Exercise aim
Each line from the one containing "Sterling Silver Monaco" through the end of the entries below should be transcribed exactly, and no other line.

[Information provided — start]

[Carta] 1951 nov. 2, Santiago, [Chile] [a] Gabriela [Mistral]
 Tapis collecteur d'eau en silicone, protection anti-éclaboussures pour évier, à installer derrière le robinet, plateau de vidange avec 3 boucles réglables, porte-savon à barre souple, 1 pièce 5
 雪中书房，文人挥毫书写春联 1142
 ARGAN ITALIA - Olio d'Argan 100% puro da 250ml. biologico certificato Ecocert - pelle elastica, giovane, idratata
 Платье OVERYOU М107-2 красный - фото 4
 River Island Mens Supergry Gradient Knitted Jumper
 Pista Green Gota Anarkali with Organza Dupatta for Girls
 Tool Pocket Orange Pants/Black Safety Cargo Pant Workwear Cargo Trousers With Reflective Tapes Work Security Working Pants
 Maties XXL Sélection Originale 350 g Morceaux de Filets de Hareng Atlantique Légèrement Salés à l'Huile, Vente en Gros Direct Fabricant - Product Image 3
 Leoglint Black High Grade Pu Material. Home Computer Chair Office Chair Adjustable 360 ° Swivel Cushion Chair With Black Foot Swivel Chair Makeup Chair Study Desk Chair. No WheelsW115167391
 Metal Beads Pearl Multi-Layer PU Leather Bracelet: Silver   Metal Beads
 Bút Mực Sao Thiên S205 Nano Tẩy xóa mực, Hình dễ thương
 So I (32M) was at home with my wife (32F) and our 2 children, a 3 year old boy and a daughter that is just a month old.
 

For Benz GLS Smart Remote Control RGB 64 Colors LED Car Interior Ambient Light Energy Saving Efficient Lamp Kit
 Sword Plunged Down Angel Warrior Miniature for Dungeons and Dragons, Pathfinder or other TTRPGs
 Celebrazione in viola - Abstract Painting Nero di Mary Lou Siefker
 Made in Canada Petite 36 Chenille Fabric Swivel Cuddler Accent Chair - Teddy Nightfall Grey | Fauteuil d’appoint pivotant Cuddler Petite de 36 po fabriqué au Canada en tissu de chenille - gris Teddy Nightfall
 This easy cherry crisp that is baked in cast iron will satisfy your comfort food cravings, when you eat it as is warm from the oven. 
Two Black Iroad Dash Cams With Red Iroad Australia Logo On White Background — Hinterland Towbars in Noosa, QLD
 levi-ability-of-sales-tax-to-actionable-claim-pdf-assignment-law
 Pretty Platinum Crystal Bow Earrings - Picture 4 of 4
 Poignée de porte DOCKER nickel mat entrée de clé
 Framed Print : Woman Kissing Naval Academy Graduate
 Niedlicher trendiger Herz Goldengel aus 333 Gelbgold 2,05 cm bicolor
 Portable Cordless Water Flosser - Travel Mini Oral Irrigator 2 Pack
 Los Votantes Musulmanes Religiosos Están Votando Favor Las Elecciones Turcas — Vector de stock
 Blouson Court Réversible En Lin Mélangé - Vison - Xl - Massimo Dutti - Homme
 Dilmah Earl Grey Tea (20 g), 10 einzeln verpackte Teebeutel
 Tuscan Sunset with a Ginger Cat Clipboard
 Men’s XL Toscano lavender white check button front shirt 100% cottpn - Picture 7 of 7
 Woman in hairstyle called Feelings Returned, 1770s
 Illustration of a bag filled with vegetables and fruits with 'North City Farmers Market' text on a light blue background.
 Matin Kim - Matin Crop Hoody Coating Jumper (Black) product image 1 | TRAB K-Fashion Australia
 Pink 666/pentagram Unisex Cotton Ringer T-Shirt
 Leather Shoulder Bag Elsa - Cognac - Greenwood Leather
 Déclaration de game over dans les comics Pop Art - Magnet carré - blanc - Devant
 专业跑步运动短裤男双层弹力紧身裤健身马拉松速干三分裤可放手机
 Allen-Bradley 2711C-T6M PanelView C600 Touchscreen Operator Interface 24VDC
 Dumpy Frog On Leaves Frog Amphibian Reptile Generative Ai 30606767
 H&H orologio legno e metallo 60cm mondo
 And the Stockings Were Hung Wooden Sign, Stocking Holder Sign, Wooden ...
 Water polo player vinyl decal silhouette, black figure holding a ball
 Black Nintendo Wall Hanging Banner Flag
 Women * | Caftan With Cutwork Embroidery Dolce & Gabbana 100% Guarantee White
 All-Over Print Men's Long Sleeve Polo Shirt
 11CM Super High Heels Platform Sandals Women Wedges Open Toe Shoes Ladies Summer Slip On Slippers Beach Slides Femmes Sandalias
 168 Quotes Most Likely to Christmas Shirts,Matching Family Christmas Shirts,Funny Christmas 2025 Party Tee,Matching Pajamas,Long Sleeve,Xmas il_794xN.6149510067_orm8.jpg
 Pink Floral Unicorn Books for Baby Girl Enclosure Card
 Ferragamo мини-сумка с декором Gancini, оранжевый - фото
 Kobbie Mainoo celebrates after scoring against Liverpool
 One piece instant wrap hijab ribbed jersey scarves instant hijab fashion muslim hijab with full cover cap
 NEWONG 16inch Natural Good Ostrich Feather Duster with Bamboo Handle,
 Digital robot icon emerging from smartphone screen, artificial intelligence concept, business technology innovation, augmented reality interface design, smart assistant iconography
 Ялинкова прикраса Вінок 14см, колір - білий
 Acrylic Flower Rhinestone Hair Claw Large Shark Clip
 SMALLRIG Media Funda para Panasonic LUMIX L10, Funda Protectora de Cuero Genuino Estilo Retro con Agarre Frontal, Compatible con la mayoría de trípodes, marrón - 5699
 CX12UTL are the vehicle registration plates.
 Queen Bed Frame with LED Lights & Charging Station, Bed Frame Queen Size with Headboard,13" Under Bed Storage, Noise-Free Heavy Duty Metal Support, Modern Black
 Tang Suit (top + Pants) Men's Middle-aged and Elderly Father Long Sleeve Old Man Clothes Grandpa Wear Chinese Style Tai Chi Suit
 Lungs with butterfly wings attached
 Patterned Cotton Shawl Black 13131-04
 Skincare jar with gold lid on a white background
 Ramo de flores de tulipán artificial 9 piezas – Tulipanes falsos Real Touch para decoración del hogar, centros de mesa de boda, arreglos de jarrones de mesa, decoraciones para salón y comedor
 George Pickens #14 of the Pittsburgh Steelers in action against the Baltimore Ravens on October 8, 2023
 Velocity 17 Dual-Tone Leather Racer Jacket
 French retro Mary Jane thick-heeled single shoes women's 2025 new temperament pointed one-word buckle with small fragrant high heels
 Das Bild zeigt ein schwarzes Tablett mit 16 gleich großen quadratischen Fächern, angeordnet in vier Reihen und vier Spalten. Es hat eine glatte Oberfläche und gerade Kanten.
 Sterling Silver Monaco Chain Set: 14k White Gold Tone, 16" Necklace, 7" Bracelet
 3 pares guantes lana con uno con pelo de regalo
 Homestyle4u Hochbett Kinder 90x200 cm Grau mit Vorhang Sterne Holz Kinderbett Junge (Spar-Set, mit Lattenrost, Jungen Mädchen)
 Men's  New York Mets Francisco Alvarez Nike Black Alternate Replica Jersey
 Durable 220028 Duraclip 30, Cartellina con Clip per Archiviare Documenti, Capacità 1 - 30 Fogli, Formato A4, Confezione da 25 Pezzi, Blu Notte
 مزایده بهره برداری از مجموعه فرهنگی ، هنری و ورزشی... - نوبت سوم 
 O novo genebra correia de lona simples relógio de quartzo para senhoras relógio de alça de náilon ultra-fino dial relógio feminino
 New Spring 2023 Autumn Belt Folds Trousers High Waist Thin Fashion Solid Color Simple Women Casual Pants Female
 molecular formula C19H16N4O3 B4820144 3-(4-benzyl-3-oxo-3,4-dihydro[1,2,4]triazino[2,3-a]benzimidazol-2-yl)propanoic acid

[Information provided — finish]

Solved problem
 Sterling Silver Monaco Chain Set: 14k White Gold Tone, 16" Necklace, 7" Bracelet
 3 pares guantes lana con uno con pelo de regalo
 Homestyle4u Hochbett Kinder 90x200 cm Grau mit Vorhang Sterne Holz Kinderbett Junge (Spar-Set, mit Lattenrost, Jungen Mädchen)
 Men's  New York Mets Francisco Alvarez Nike Black Alternate Replica Jersey
 Durable 220028 Duraclip 30, Cartellina con Clip per Archiviare Documenti, Capacità 1 - 30 Fogli, Formato A4, Confezione da 25 Pezzi, Blu Notte
 مزایده بهره برداری از مجموعه فرهنگی ، هنری و ورزشی... - نوبت سوم 
 O novo genebra correia de lona simples relógio de quartzo para senhoras relógio de alça de náilon ultra-fino dial relógio feminino
 New Spring 2023 Autumn Belt Folds Trousers High Waist Thin Fashion Solid Color Simple Women Casual Pants Female
 molecular formula C19H16N4O3 B4820144 3-(4-benzyl-3-oxo-3,4-dihydro[1,2,4]triazino[2,3-a]benzimidazol-2-yl)propanoic acid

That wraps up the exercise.